___ RECORDED INFORMATION ___

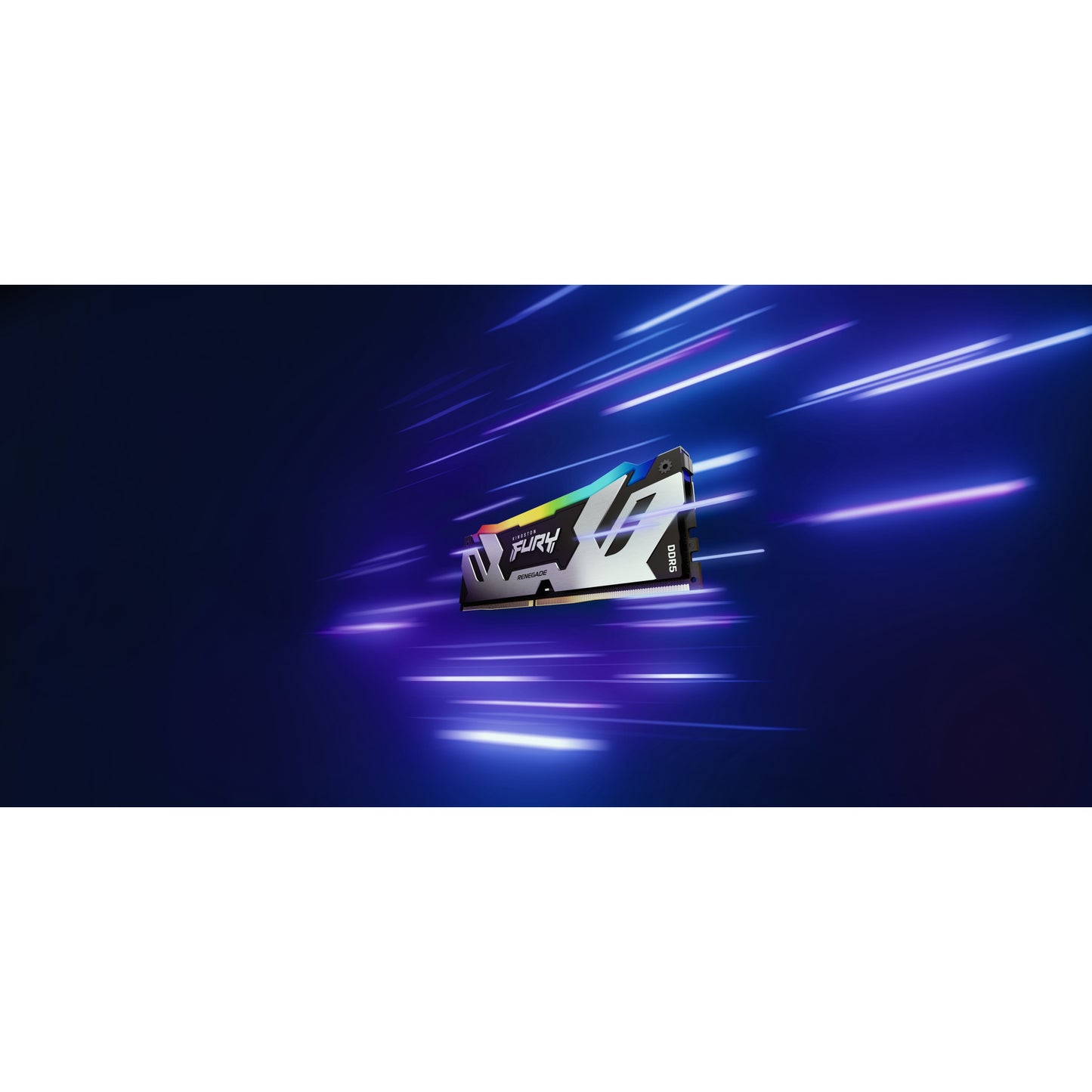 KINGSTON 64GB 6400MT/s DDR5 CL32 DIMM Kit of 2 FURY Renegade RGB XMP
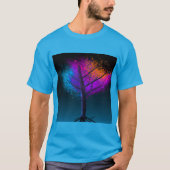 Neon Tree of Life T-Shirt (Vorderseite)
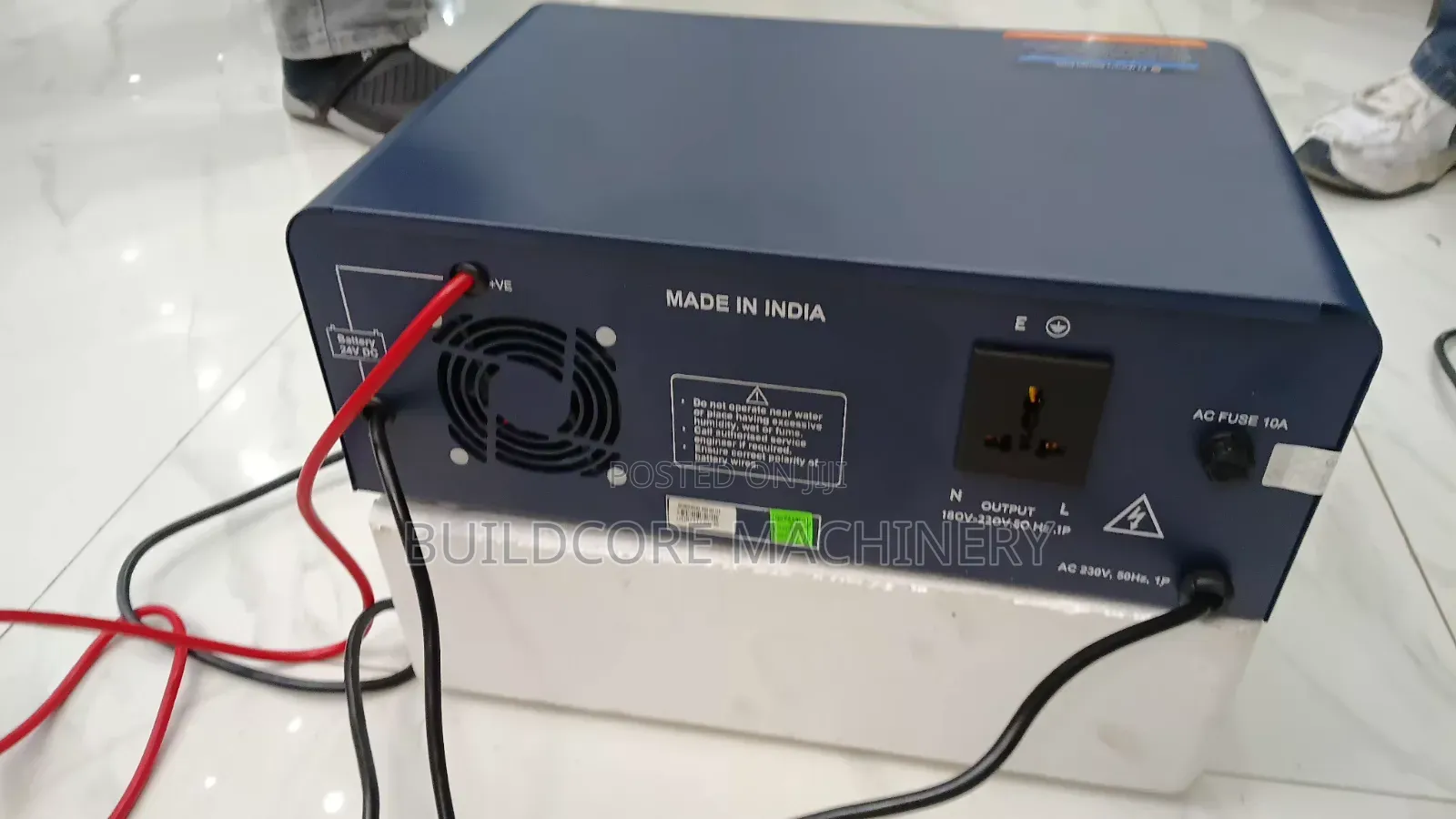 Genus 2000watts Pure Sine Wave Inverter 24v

___

• [EXERCISE AIM]: Starting at the line with "Neon Tree of Life T-Shirt (Vorderseite)", transcribe the listing above exactly through its last line. No picture belongs in the transcription.

• [YOUR RESPONSE]:
 Neon Tree of Life T-Shirt (Vorderseite)
 Genus 2000watts Pure Sine Wave Inverter 24v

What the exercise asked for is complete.